Developer makes high end plans for Kelowna campground that's home to low income earners
Matthew Richard loves where he lives.
The rent is cheap, it’s quiet and close to the beach.
But, after three years of renting his home in the Hiawatha RV Park, he’s worried about having to move now that the property owner, Westcorp, has submitted yet another application to develop the 18-acre site that's across the road from Okanagan Lake and Kelowna’s Rotary Park.
“It’s awesome here,” Richard told iNFOnews.ca.
“There’s no crime here. There’s deer running through the back in the summer. You don’t hear anything but the birds singing.”
When he and Trevor Garowey rented the 1970s-era manufactured home, he knew the site was destined for redevelopment and has always had the nagging worry that, someday, he would have to move.
“Where will we go?” asked another resident who didn’t want to give his name.
“There’s nothing in Kelowna for people who are on a fixed income or work at a fast food place.”
He’s on a disability pension and, even with the low rents at Hiawatha, he has to have a roommate to get by.
Westcorp is the same company that’s going to a public hearing next Tuesday requesting a permit to build a 174-room, 33-storey hotel in downtown Kelowna that’s been on the books for many years.
It bought Hiawatha, with its 89 campsites and 94 RV pads, in 2007.
In 2013, despite strong opposition from residents and neighbours, city council agreed to a development plan for the site. By 2015, Westcorp owned all the mobile homes on the site.

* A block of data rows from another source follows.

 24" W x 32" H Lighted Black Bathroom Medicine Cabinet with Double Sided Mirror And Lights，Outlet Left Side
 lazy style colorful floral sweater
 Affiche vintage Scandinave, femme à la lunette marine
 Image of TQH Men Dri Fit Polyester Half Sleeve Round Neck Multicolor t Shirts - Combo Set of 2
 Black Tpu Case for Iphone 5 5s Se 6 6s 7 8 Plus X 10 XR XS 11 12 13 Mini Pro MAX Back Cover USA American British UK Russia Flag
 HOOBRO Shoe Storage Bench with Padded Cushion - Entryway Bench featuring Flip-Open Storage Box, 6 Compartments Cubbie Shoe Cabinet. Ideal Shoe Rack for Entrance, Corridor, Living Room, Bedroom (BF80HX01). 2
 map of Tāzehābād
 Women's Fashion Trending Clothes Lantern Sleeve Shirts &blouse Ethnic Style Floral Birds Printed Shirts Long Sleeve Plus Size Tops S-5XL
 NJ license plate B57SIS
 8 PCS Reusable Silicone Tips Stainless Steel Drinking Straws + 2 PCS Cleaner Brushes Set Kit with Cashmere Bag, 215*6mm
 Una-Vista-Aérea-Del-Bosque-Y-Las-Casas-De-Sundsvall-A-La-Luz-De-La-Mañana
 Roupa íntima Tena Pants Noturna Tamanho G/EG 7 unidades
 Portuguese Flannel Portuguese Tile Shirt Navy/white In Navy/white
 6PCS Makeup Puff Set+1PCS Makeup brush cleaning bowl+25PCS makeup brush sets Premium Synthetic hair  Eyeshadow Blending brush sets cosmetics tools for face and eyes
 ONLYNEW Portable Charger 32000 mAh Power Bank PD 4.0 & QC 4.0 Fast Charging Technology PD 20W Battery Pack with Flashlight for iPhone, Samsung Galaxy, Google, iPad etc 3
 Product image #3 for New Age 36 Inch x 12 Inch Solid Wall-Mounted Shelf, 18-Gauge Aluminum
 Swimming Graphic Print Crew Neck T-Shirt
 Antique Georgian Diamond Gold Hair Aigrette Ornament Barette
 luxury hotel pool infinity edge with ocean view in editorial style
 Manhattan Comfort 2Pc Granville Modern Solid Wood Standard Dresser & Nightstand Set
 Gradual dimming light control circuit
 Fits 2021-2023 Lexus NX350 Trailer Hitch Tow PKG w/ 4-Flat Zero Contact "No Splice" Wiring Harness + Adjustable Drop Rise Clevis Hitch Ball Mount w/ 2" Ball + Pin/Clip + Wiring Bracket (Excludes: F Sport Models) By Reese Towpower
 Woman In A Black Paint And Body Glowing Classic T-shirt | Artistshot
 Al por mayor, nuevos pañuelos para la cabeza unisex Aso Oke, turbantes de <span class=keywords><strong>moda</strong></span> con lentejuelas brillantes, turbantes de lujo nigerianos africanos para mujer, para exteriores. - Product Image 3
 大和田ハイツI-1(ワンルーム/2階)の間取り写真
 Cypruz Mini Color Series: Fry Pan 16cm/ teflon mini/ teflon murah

They destroyed 36 of them in 2016 because of extensive mold damage but the rest are rented out. Tenants include seniors on fixed incomes, young families with children and a range of people in between.
There are only three of the original tenants still living in the park, according to the report going to city council.
And, despite Richard’s claim that it's been crime-free, there was a brutal murder in the park in 2014.
Even though the development was approved in 2013, that permission has long since expired, which is why the new application had to be filed. If granted, work has to start within two years.
The application Westcorp filed Jan. 30, shows eight towers ranging from eight to 15 stories plus a cluster of 3.5 storey townhouses with a total of 1,071 units, a day care, 19,000 square feet of retail space and 4,000 square feet of office space.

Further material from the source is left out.